The administration insists it makes spending policies one year at a time and that the long-term veterans' budget figures are therefore subject to change. "We don't make multiyear discretionary funding requests," said Veterans Administration spokesman Scott Hogenson, who declined to speculate on whether long-term cuts were realistic. "We look at our needs and assess our needs on a year-to-year basis."

The rapidly growing budget for veterans' medical services, funded for the current year at $24.5 billion, would leap to $27.7 billion in 2007 under Bush's budget. But the medical services budget faces a 3 percent cut in 2008 and would hover below $27 billion for the next four years, even as increasing numbers of veterans from the Iraq war claim their benefits and the costs of providing care to elderly World War II and Korean War veterans continue to rise.
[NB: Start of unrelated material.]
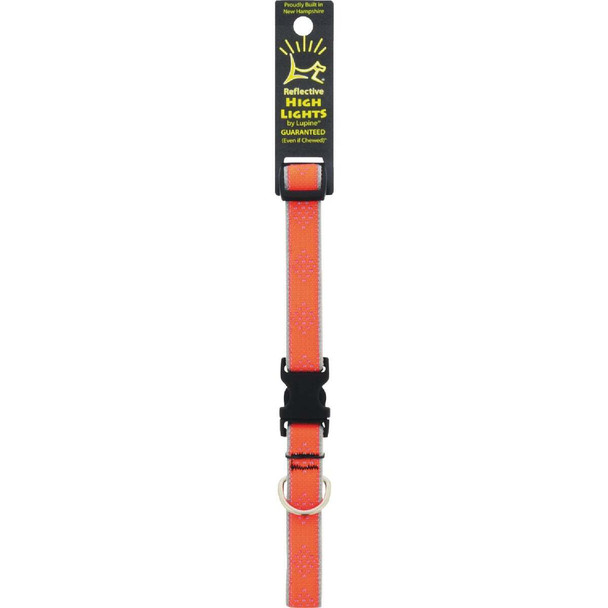 Lupine HL 3/4 In. Reflective Orange Diamond 13 to 22 In.Adjustable Collar 48302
Those cuts would prove traumatic to the already troubled VA medical system, and would force staff cuts, delay investment in new medical equipment and deny care to hundreds of thousands of veterans. "The only way you can do what they want to do in terms of actually cutting the budget is to throw a lot of veterans out who are already in the system and/or redefine who is a veteran," said Rick Weidman, director of government relations for the Vietnam Veterans of America.

From the Raleigh-Durham Herald-Sun:

Rep. David Price, D-4th District, accused the Bush administration on Thursday of trying to delay medical and prosthetic research for veterans in its 2007 budget proposal by cutting funding that helps pay for a Durham rehabilitation center.

The proposal, part of President Bush's proposed Veterans Affairs budget of $80.6 billion for 2007, would cut research funding from this year's $412 million allocation to $399 million next year. Price said a $23 million increase from this year's spending is needed just to maintain current programs, according to the biomedical research and development price index, "so that means the administration's proposal is effectively a $36 million cut." ...

The Office of Independent Budget for the Department of Veteran Affairs said on its Web site that the agency would need $460 million for medical and prosthetic research in 2007. "It's really difficult to avoid the conclusion that the VA intends to slow down its research program and certainly halt any program growth in fiscal year 2007," said Price, a member of the subcommittee on Military Quality of Life and Veterans Affairs.

The proposed funding cuts for research could affect the Mental Illness Research, Education and Clinical Center at the Durham VA Medical Center. Harold Kudler, the center's co-director, said he did not want to speculate about what possible cuts might mean, but acknowledged that the center relies entirely on federal funding and hoped it would continue. The center, which opened last year and has been receiving $2.8 million a year in federal funding, focuses on treating and assessing the "post-deployment mental health" of soldiers returning from war.

Experts in the field say a growing number of returning soldiers are suffering from post-traumatic stress disorder. Louis Washington, director of Durham County Veterans Services, said he has seen more veterans, including some who served in the Vietnam War, filing claims for PTSD in the last few years. But Washington said being discharged from the military for PTSD is difficult because the Department of Defense views the disorder as "a way for soldiers to get out" of serving.

Everyone's vigilence on this matter is vitally important as we move forward. We must ensure that our returning troops have access to the recuperative care they deserve and need.